8. The BoN reduced its repo rate by 50 basis points in December 2008 in response to slowing economic activity and moderating inflation, in line with the move by the SARB. This left the rate at 10 percent, still 150 basis points below the SARB repo rate, after the BoN opted not to follow three SARB rate increases in 2007–08 (Figure 5). The BoN also modified its operational framework in 2008, introducing a seven-day repo facility as the key monetary policy instrument and increasing issuance of BoN bills in order to manage liquidity and provide an alternative asset for banks to meet statutory asset requirements. Growth in credit to the private sector slowed drastically in 2008 as a result of monetary tightening in 2007,2 falling to 5.6 percent in November (year on year) from 13 percent in December 2007.

Figure 5.
Figure 5.

Namibia: Financial Sector Developments

Citation: IMF Staff Country Reports 2009, 136; 10.5089/9781451828498.002.A001

III. Policy Discussions

A. Global Outlook and Risks

9. Namibia’s real GDP growth is projected to slow to 1 percent in 2009, despite the large fiscal expansion, as external demand weakens further. Mining output is expected to fall significantly, and after slowing dramatically in late 2008, investment in mineral exploration is likely to remain weak. The marked tightening in international financial markets could also jeopardize several investment projects expected to be the main drivers of medium-term growth, including investments in electricity generation and water desalination. The authorities agreed that output growth was likely to slow in 2009, but projected real GDP growth of roughly 2 percent during the November 2008 mission, when the global environment was still more benign.

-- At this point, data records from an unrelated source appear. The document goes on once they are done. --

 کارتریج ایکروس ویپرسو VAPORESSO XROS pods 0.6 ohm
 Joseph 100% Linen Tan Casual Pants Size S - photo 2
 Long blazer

10. There is potential for a more significant slowdown in 2009 if a protracted global downturn results in an even sharper decline in mining output. Preliminary reports indicate that the diamond industry is considering a reduction in output of as much as 40 percent relative to initial plans for 2009 in response to concerns that demand will weaken further. In addition, a more significant slowdown in South Africa than currently envisaged could further reduce the SACU revenue pool. As an illustrative scenario, if both of those risks should materialize, real GDP is projected to decline by roughly 0.5 percent, compared with an increase of 1 percent projected in the baseline. In addition, the current account would shift to a deficit of 2 percent of GDP compared to a projected surplus of 0.8 percent, while the 2009/10 fiscal deficit would widen from the projected 2.3 percent of GDP to nearly 5 percent.

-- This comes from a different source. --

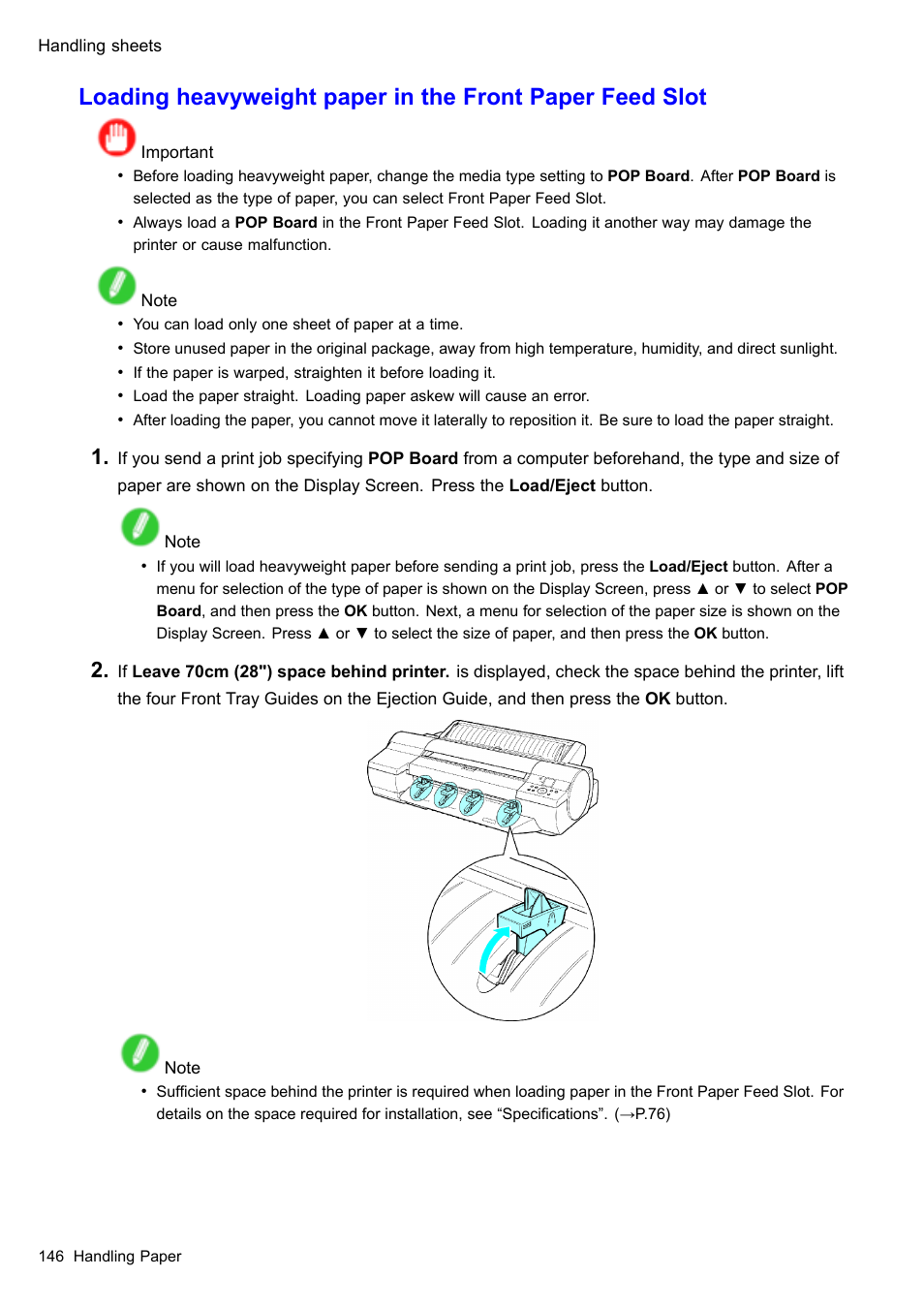 Canon imagePROGRAF iPF605 User Manual | Page 160 / 578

11. Further depreciation of the Namibian dollar could put upward pressure on inflation through increased import prices. While the decline in international food and fuel prices should help moderate inflation in 2009, the rapid depreciation raises the risk of a substantial increase in imported inflation that could constrain the scope for monetary easing within the CMA.

B. Maintaining Macroeconomic Stability

Fiscal policy

12. The authorities considered the planned fiscal expansion in 2008/09 an appropriate countercyclical response to the economic downturn that would support growth and address infrastructure deficiencies. The authorities were optimistic that the budget would be fully executed, including the planned 7 percent of GDP increase in spending, and that implementation capacity would not pose a significant constraint, given the high import content of expenditure. Moreover, the budget implies that public debt would remain within the 25 percent of GDP target, limiting the risks to macroeconomic stability.

13. Staff agreed that an expansionary fiscal stance was appropriate given the economic slowdown, but cautioned that the magnitude of the planned increase appears large and expressed concern about compromising the quality of spending. Taking into consideration the import content of expenditure, the historical implementation rate, and the expected impact of the slowdown on mining sector revenue, staff estimated that a deficit of 2.6 percent of GDP for 2008/09 would be a more likely outcome. Staff also considered a deficit in this range to be a more appropriate fiscal target to safeguard macroeconomic stability, while still entailing a strong discretionary fiscal impulse.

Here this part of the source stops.